するとRs.20でも納得しなかったのか、後ろから意味は判らないが、リキシャ・ワーラーの乱暴な罵声が聞こえて来る。
私も、こっちこそ被害者だ!「コンチクショー!」と思って、駅を離れてGrand Trunk Rd.を更に東にスタスタ進んでいくと、道が二股に分かれる角に「Grand Hotel」と言う看板の架かった小さなホテルが目についた。ここに飛び込んだ。
<Grand Hotel>
Grand Hotelは、AmritsarのRailway Stationの前を通るGrand Trunk Rd.が、南北に走るAjnala Rd.と交差する前に二股に分かれ、斜め北に通っているQueens Rd.沿いにある。

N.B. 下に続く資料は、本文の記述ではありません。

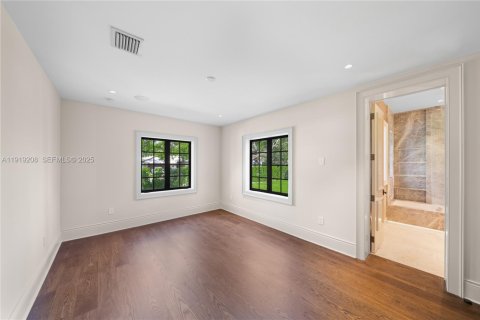 Casa en venta en Coral Gables, Florida, 5 dormitorios № 1984239 - foto 25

名前とは裏腹にこじんまりした安いホテルだったが、飛び込んで仕舞った手前、ここに泊ることにした。
203号室。部屋はセミダブル位のベッドに、椅子やテーブルのセットのある広めの部屋だ。Non A/Cだが、お湯のシャワーが使える。宿泊料は、1泊でRs.395(約1,383円 税金込み)だった。
部屋に入ると、何度も洗濯して糊のとれた様な皺の多い白い制服を着た年老いたボーイがやって来て、そっと「Beer King Fisher?」と聞く。
以前1997年に行った北インドのPuriプリ―のホテルでも、同じように「そっと」Beer?と聞かれたことがあった。インドではアルコールのオーダーは「そっと」聞いてくるようだ。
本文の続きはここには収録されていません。